++++ The records ++++
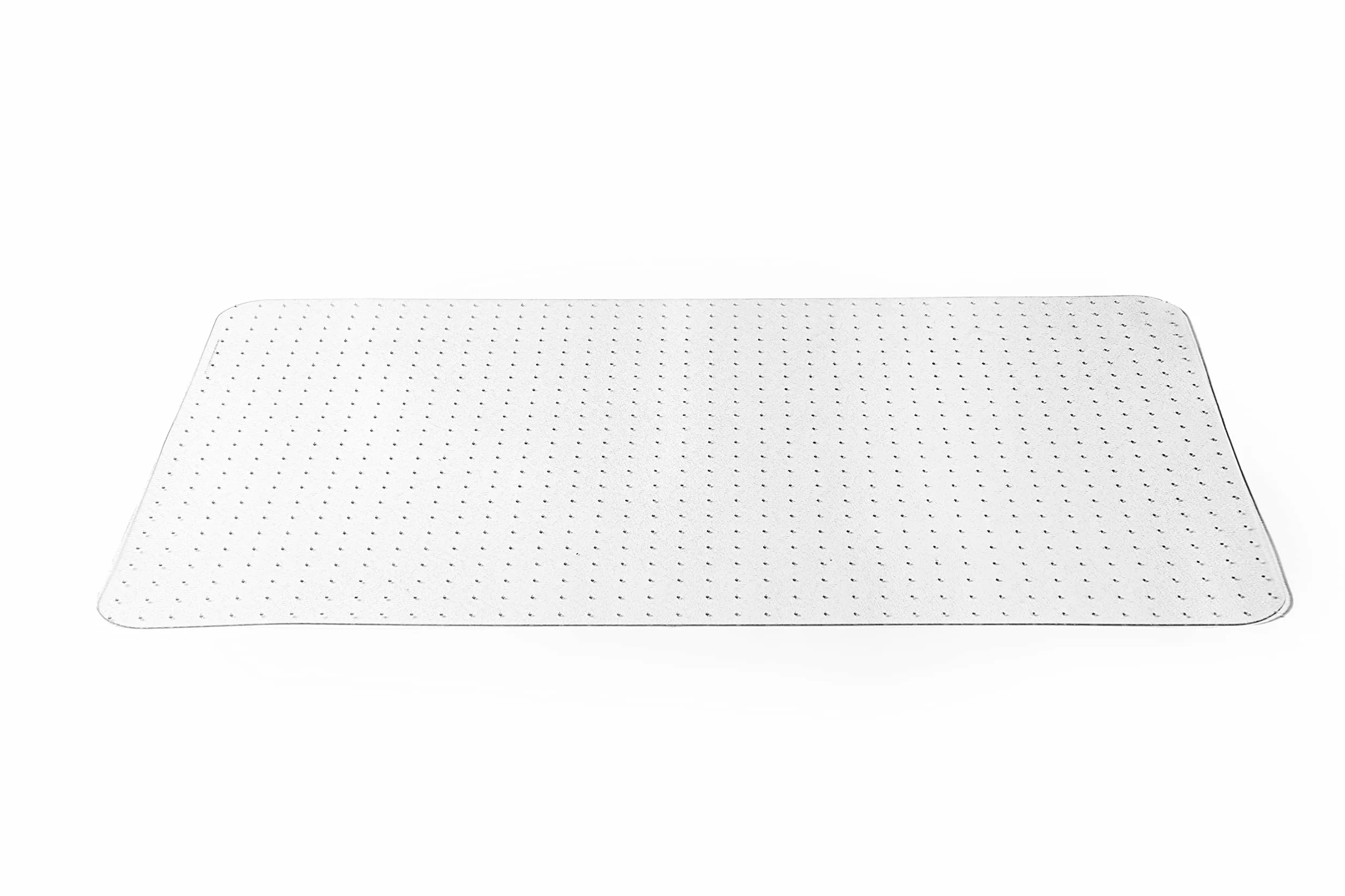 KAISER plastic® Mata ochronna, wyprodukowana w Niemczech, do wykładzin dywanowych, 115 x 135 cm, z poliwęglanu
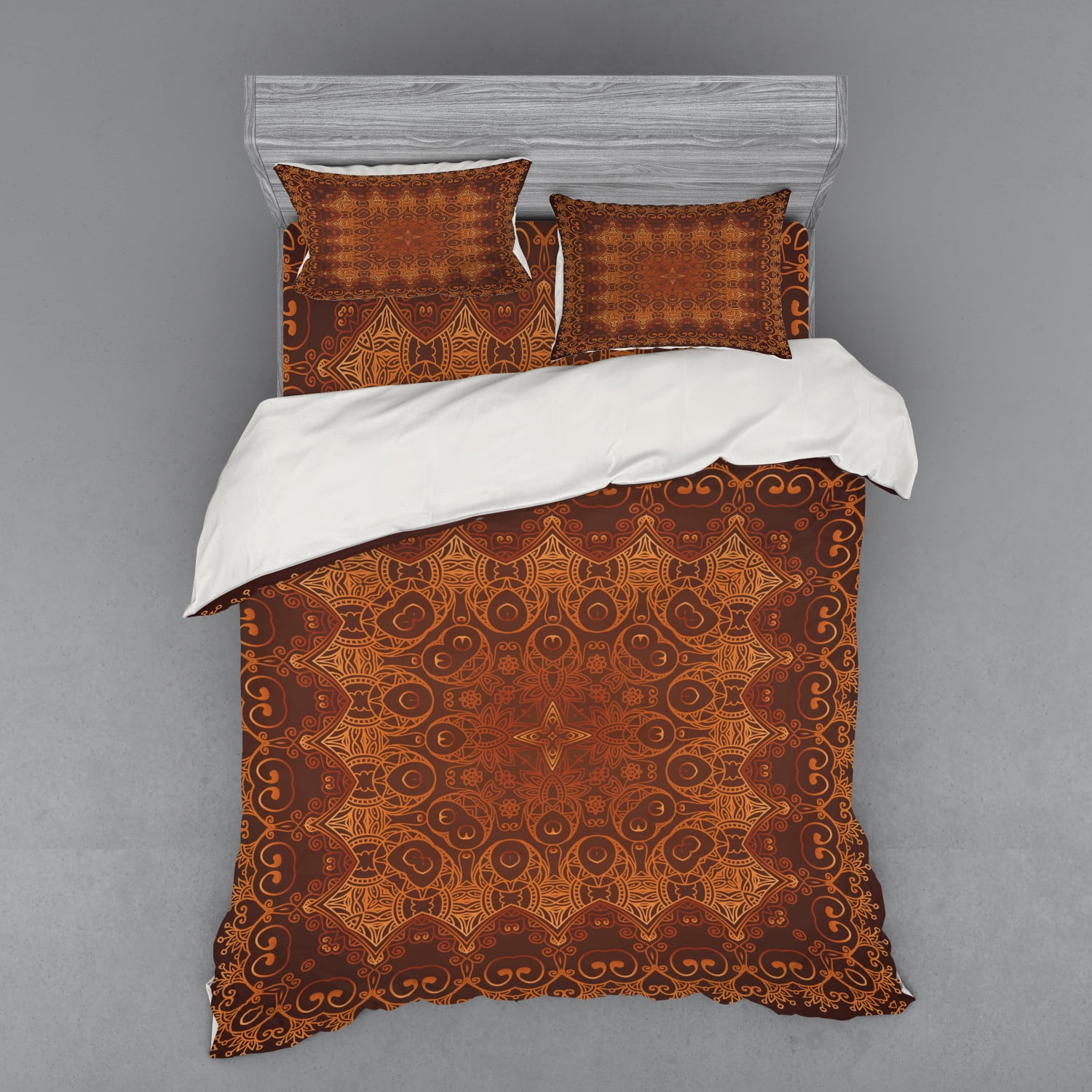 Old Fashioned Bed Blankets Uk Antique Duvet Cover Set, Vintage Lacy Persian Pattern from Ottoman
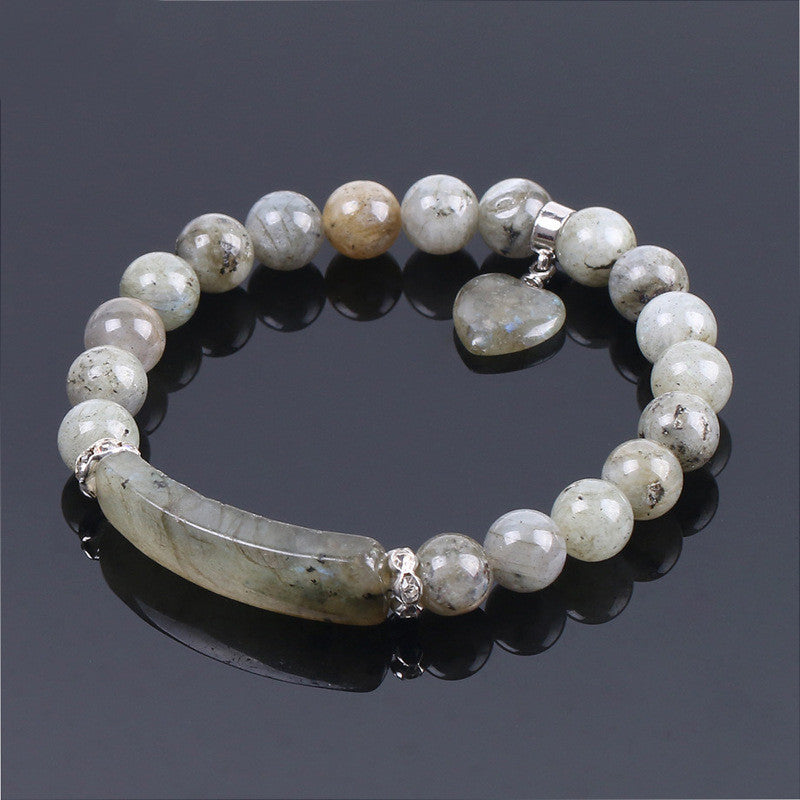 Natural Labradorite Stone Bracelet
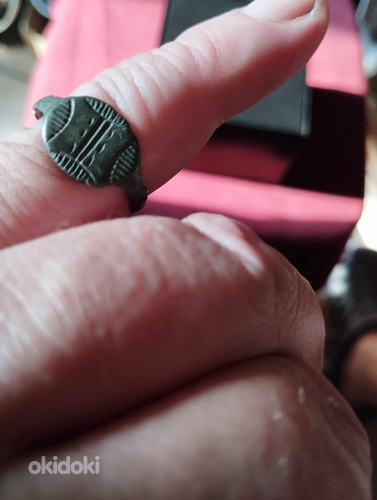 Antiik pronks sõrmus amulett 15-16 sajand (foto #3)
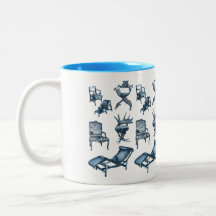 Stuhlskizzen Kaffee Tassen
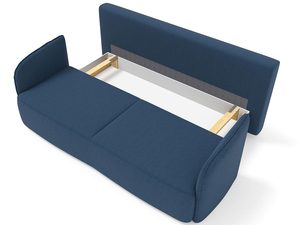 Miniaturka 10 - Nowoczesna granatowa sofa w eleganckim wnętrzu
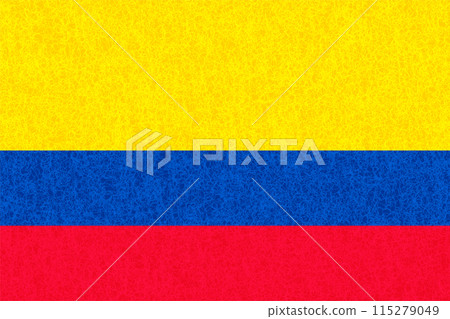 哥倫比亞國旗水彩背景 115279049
++++
#### Activity
Repeat the records in full, exactly as they appear, without the pictures.

#### Solution
 KAISER plastic® Mata ochronna, wyprodukowana w Niemczech, do wykładzin dywanowych, 115 x 135 cm, z poliwęglanu
 Old Fashioned Bed Blankets Uk Antique Duvet Cover Set, Vintage Lacy Persian Pattern from Ottoman
 Natural Labradorite Stone Bracelet
 Antiik pronks sõrmus amulett 15-16 sajand (foto #3)
 Stuhlskizzen Kaffee Tassen
 Miniaturka 10 - Nowoczesna granatowa sofa w eleganckim wnętrzu
 哥倫比亞國旗水彩背景 115279049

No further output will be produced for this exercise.